Nahum Tate, Knock-offs, Lear and 'Tatefication'
by Stephen Meigs
Toward a Traditional Trampling of the Reputation of Mr. Nahun Tate
The History Of King Lear, Nahum Tate’s adaptation of Shakespeare’s classic, was popular for 150 years. But that’s not his only claim to fame.
Tate also wrote lyrics for a Christmas carol still sung today, “While Shepherds watched their flocks at night, ” here performed by the King’s College Choir in 2011.
No Blanche Dubois, Mr. Tate had no use for strangers. He depended almost solely on more certain stuff: other writers’ work (Shakespeare, Dryden for example) and the producing power of rich patronage (the Earl of Dorset).
With his Christmas carol Tate got the best of writing and patronage: The text comes from the Bible (writer, God) and the Anglican church (only church allowed at the time).
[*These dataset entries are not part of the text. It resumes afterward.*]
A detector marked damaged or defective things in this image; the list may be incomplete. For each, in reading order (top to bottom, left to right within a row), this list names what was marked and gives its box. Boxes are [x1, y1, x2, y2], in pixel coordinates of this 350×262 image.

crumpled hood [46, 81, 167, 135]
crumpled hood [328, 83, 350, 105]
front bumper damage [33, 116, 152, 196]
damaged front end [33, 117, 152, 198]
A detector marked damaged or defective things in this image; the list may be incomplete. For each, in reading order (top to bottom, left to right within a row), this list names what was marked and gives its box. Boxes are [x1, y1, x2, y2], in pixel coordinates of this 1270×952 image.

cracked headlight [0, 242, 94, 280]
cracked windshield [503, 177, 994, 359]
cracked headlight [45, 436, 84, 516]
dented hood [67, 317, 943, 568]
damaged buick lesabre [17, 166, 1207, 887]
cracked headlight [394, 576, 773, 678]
Unlike other popular Christmas tunes of the time, Tate’s song was the only Christmas carol allowed to be sung in the Anglican Church until 1700.
Maybe that helped his productions succeed, but Tate was not respected - even while he was alive.
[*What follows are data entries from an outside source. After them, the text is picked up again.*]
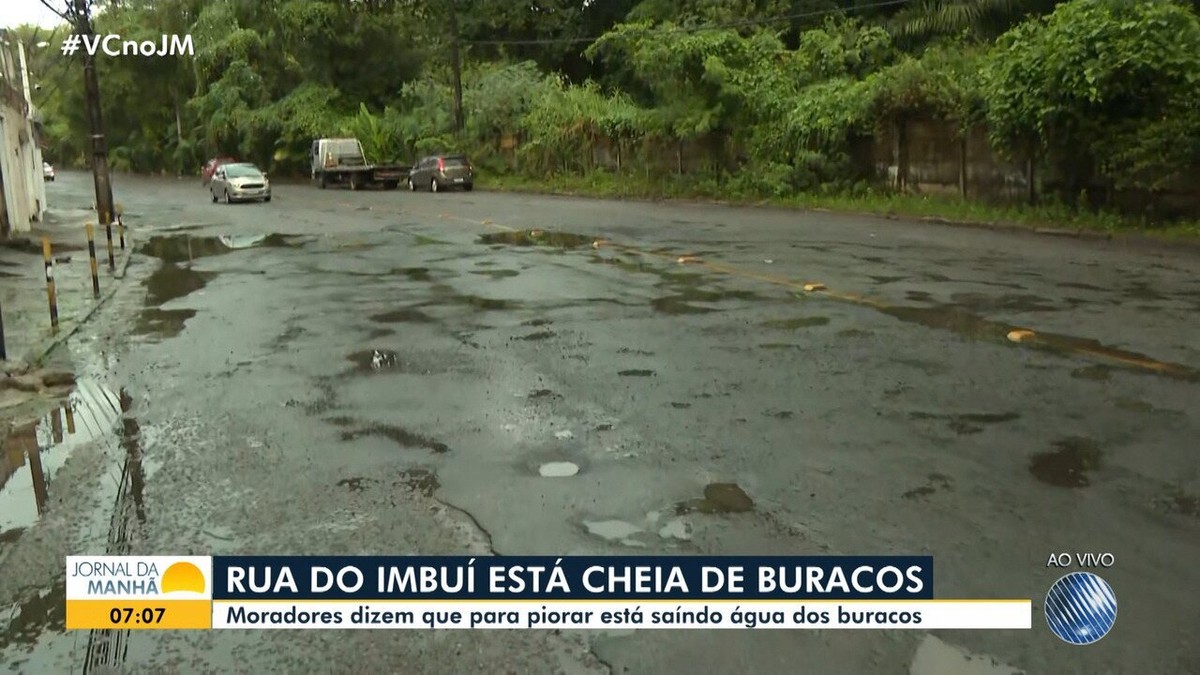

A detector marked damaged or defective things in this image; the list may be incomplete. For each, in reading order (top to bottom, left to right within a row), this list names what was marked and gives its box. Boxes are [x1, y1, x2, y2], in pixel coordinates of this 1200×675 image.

pothole in road [137, 233, 307, 261]
pothole in road [472, 229, 595, 248]
pothole in road [345, 345, 405, 372]
pothole in road [1027, 432, 1099, 485]
pothole in road [676, 480, 748, 511]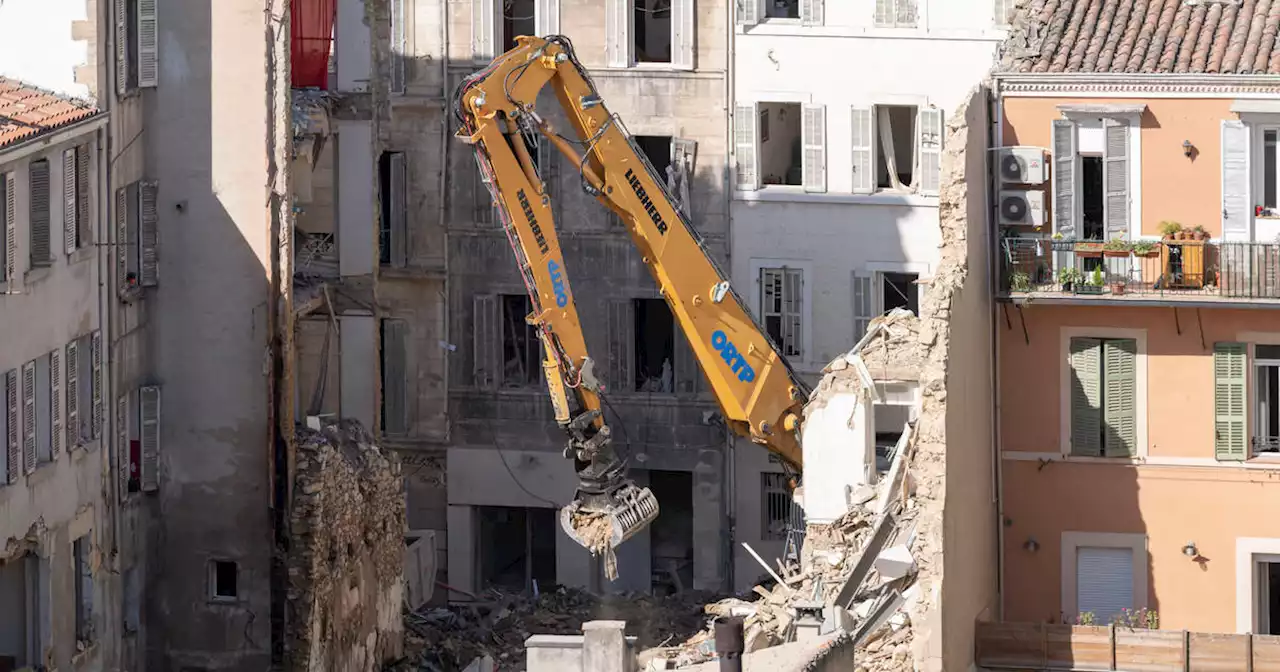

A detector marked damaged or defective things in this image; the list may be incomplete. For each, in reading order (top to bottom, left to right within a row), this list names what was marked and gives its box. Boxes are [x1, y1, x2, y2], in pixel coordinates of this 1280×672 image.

broken window [499, 0, 535, 51]
broken window [757, 103, 798, 185]
broken window [499, 293, 540, 386]
broken window [632, 298, 675, 394]
broken window [757, 268, 798, 360]
broken window [880, 271, 921, 316]
broken window [73, 532, 93, 642]
broken window [208, 558, 239, 599]
broken window [476, 506, 555, 588]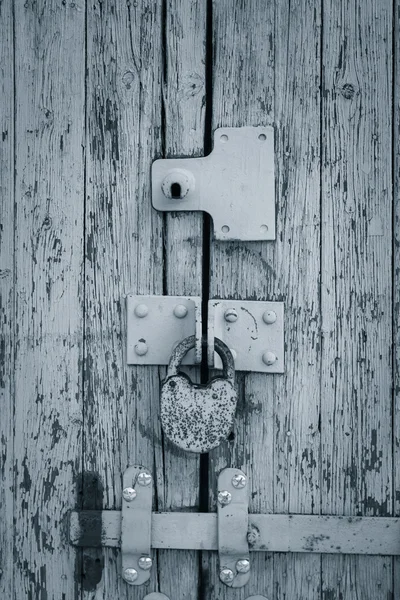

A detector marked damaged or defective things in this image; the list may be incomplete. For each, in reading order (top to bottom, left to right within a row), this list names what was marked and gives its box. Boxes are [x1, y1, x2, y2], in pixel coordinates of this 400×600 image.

rusty padlock [161, 336, 238, 452]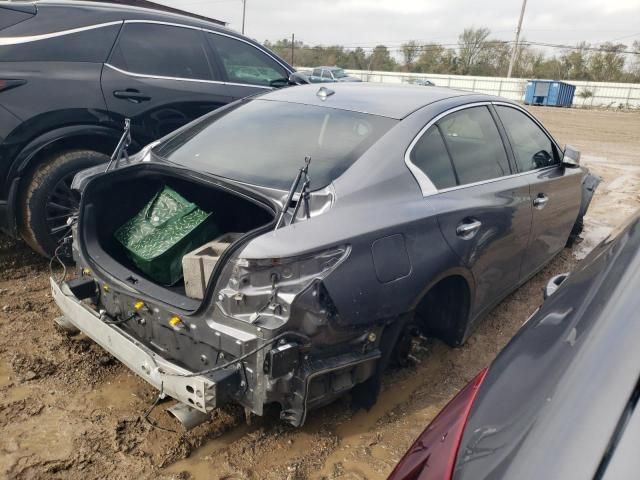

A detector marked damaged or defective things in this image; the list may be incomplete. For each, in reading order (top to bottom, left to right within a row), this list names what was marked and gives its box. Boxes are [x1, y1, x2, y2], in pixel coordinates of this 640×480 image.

broken taillight area [218, 248, 352, 326]
damaged gray sedan [50, 82, 600, 428]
Gerald Langbaine in the 1691 History of Dramatic Poets, describes Tate as “An author now living; who tho' he be allow'd to be a Man of Wit and Parts, yet for Dramatick Poetry, he is not above the common Rank.”
Sir Walter Scott called him “one of those second-rate bards who…can find smooth lines if any one will supply ideas.”
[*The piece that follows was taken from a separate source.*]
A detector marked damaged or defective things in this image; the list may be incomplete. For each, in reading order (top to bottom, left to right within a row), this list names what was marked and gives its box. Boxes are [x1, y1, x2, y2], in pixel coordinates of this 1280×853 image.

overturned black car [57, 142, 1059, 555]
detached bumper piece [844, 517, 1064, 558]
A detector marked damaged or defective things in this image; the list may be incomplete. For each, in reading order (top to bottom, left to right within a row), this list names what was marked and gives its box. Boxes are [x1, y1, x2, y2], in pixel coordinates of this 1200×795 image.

In Lives of the Poets of Great Britain and Ireland, late 1700s, an anonymous writer dismisses him: Tate is “…thought to possess no great genius, as being deficient in what is its first characteristic, namely, invention.”
In the 19th century the practice of trying to rewrite Shakespeare and failing miserably came to be called “Tatefication.”
So Nahum Tate fits Willy Loman’s definition of a loser: “He was liked… but not well liked.”
Stealing from dead writers is still in vogue, of course, but usually it’s the characters that are stolen, not the lines their creator wrote. There’s the book and musical Wicked pinching its heart from the Oz stories; and Scarlett, the “sequel” to Gone With the Wind; and on the best seller list now, the authorized theft of Stieg Larson’s ideas, the “fourth” in the trilogy, The Girl in the Spider’s Web. Give the public whatever it will buy, that’s still the rule.
In keeping with the centuries-old tradition of dumping on Nahum Tate, who stole not only the characters but also the lines of William Shakespeare, and especially as we are ambling toward Christmas time, here is Tate’s famous Christmas carol cheerfully parodied by Steve Mason and performed by The Mason Family Singers, in 2009.
While shepherds washed their socks by night,
all seated 'round the tub
the angel of the Lord came down
and gave their socks a scrub.
And when their socks were squeaky clean and sparkling like a gem,
The shepherds put them on again and walked to Bethlehem.
And when they got to Bethlehem
all looking nice and neat,
the Christ child said you've got nice socks,
but next time wash your feet.
Afternotes: I saw the Hidden Room production reviewed elsewhere at CTX Live Theatre by Dr. David Robinson. I enjoyed it very much. A lot of acting talent on the stage. Worth seeing. I only have two criticisms:
1) Ryan Crowder is a very fine actor and too young to play Lear. This is not his fault, of course. It was a superb attempt to deliver on director Beth Burns's casting. Crowder handled the language and the Restoration style well, but an actor with a bit more brutish physique would also have helped me believe in an aged (80+ years old) Lear who has master swordsman skills.
2) Numerous entrances and exits are made through modern doors, with their clicking door latches and opening and closing sounds. A covering screen or curtain would have served the audience better; it broke the restoration spell.
CONTINUING THE CONVERSATION
NOTE from Director Beth Burns
I hope that answers Stephen's very thoughtful points. I seriously loved reading more about Tate from him. Good stuff!
ps - I popped some pics down of Garrick and Betterton right about the times they would have played Lear, as well as an extant Garrick Lear engraving. I think Garrick looks a bit like Crowder. That makes me happy.